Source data
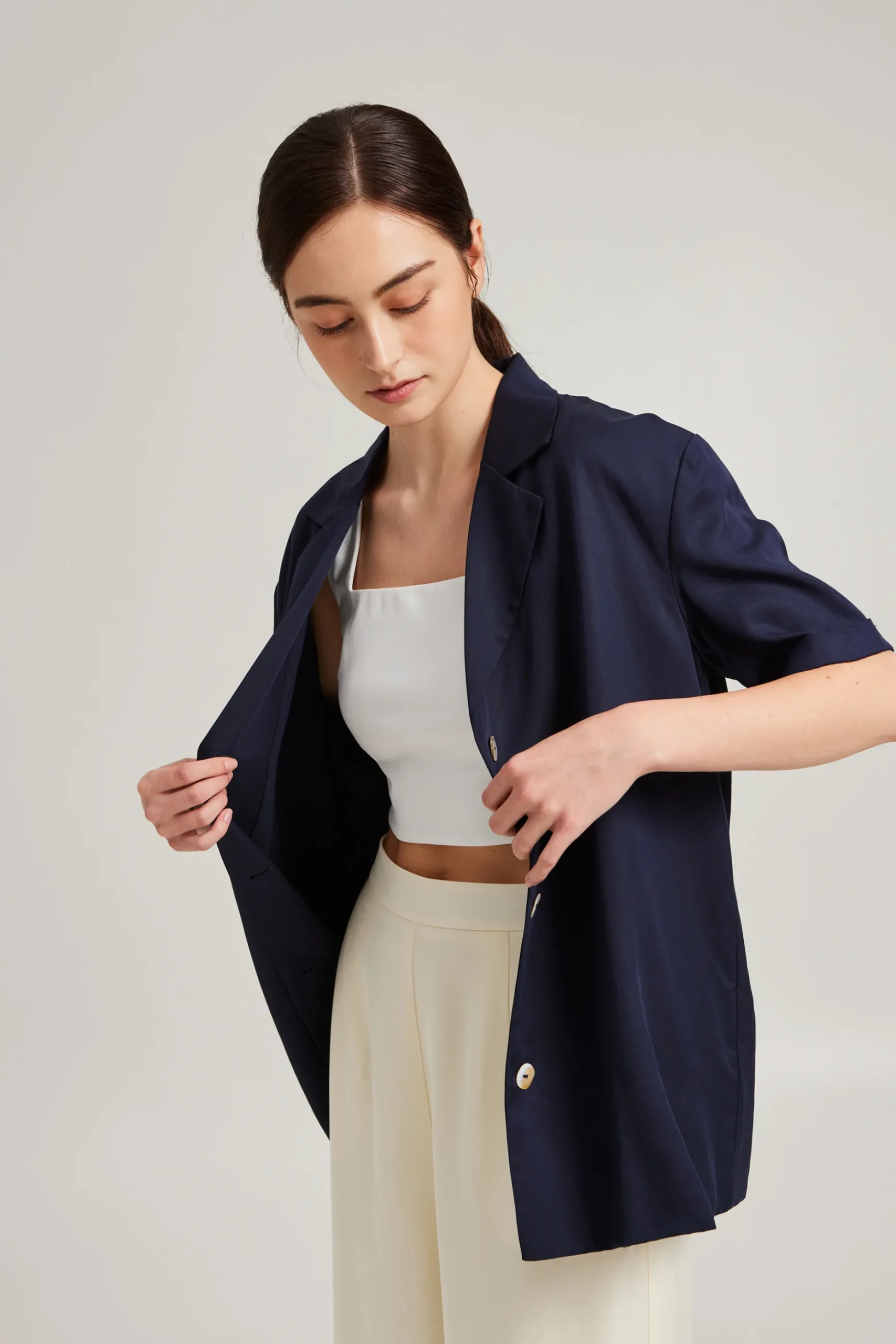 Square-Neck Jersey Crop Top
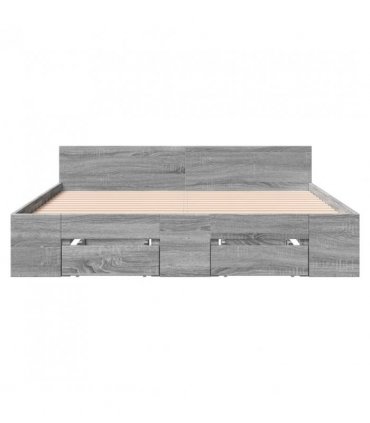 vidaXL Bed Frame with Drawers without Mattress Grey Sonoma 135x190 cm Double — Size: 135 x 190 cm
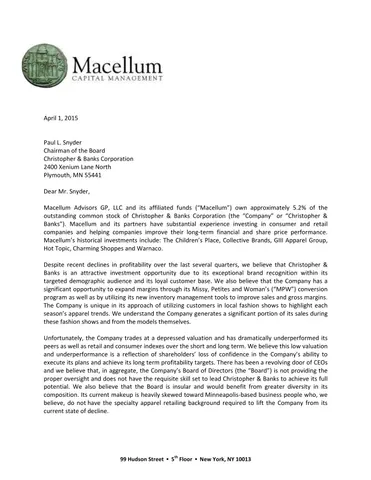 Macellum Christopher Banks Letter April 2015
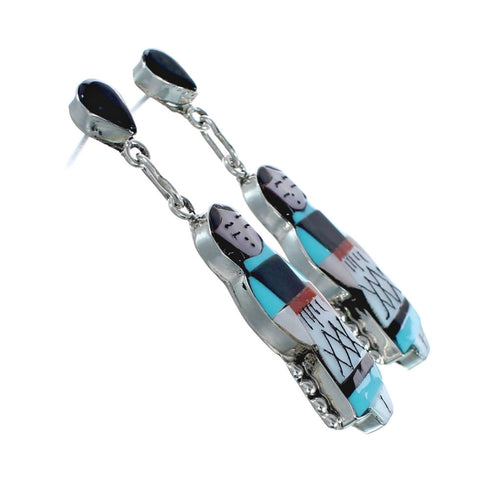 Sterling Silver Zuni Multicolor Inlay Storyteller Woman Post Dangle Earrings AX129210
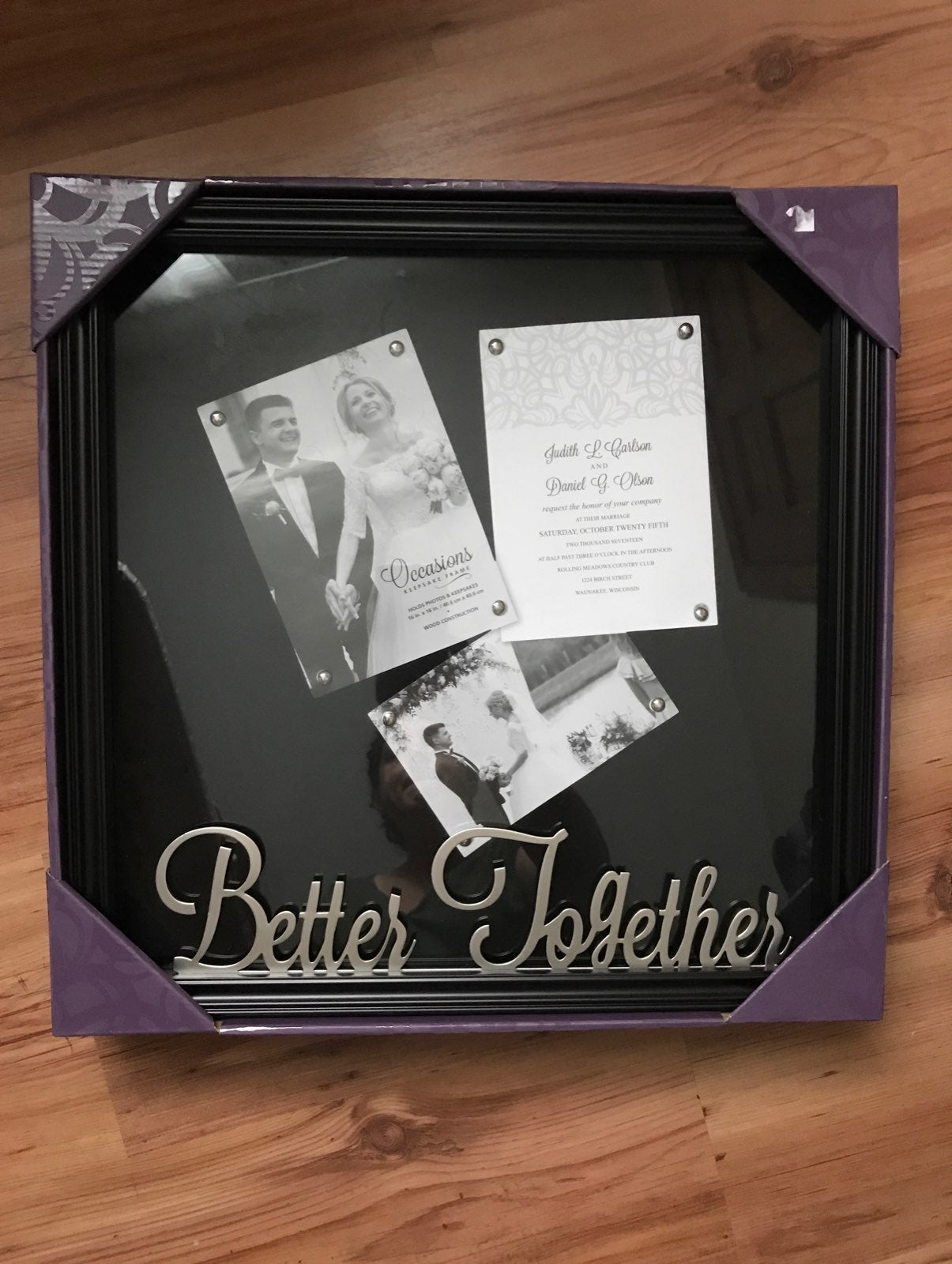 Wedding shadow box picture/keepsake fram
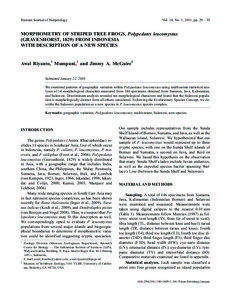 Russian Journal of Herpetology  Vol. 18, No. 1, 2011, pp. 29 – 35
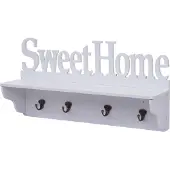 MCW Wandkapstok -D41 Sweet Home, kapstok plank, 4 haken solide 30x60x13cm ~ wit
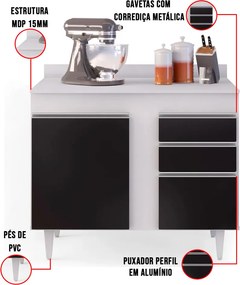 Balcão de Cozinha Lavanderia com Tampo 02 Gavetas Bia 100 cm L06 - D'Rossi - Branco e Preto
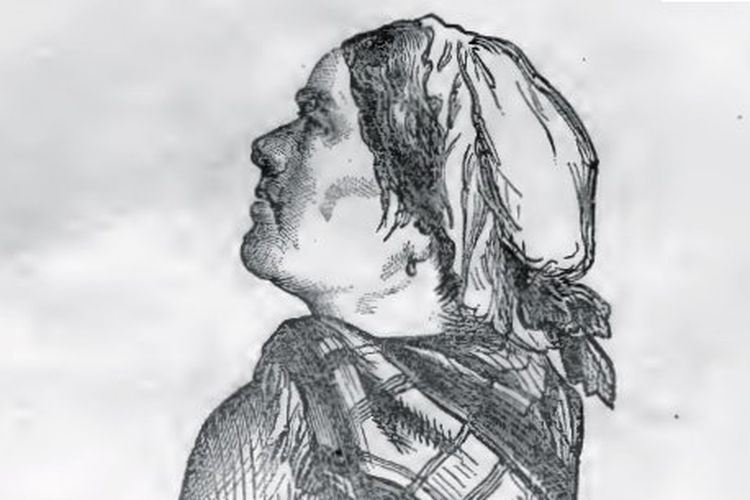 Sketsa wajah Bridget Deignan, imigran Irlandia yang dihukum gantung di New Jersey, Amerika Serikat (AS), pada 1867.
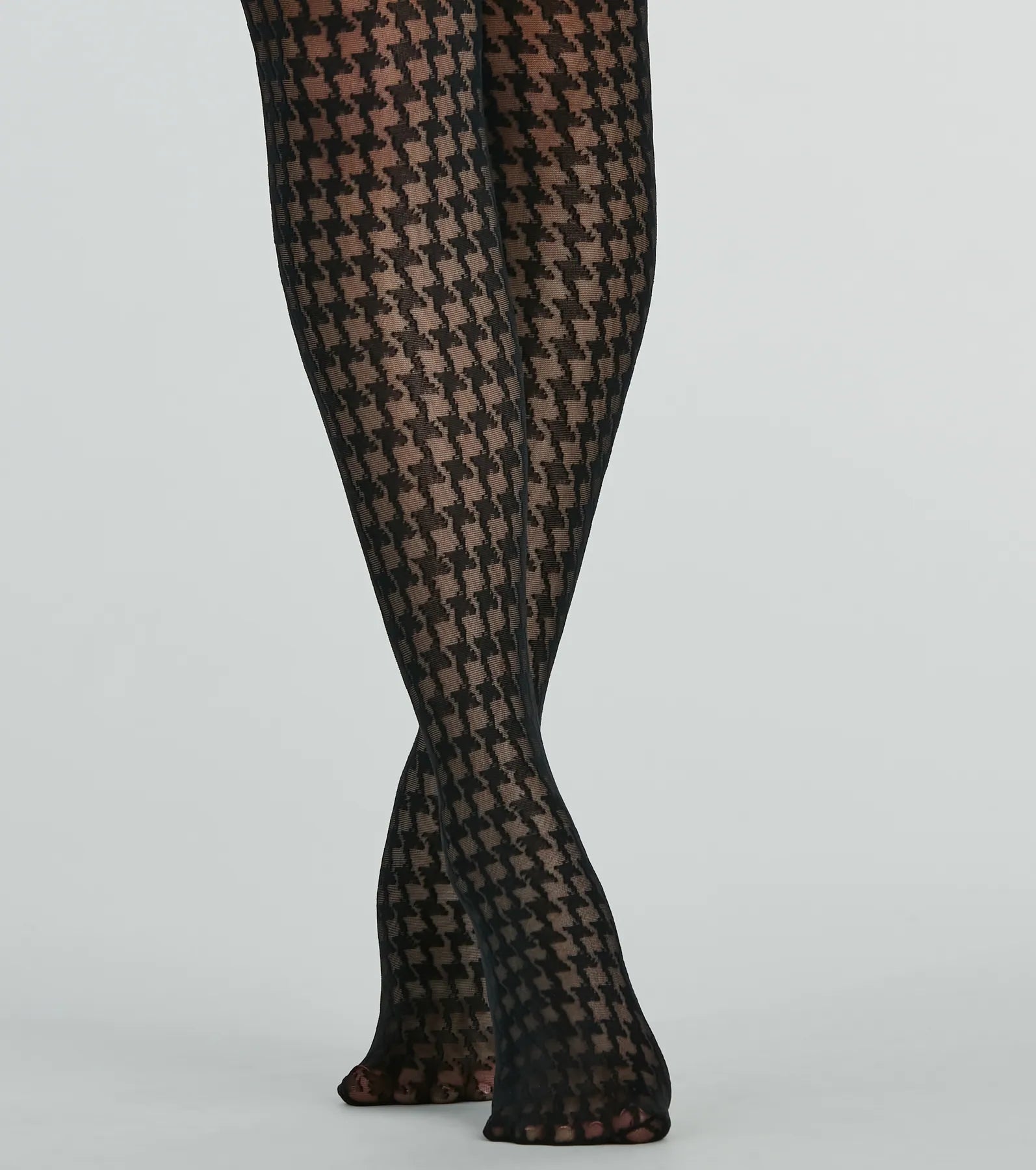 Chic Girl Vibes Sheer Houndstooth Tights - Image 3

Problem to solve: Pictures stay out. Transcribe the lines from the start of the entries above through the line with "MCW Wandkapstok -D41", exactly.

Answer below:
 Square-Neck Jersey Crop Top
 vidaXL Bed Frame with Drawers without Mattress Grey Sonoma 135x190 cm Double — Size: 135 x 190 cm
 Macellum Christopher Banks Letter April 2015
 Sterling Silver Zuni Multicolor Inlay Storyteller Woman Post Dangle Earrings AX129210
 Wedding shadow box picture/keepsake fram
 Russian Journal of Herpetology  Vol. 18, No. 1, 2011, pp. 29 – 35
 MCW Wandkapstok -D41 Sweet Home, kapstok plank, 4 haken solide 30x60x13cm ~ wit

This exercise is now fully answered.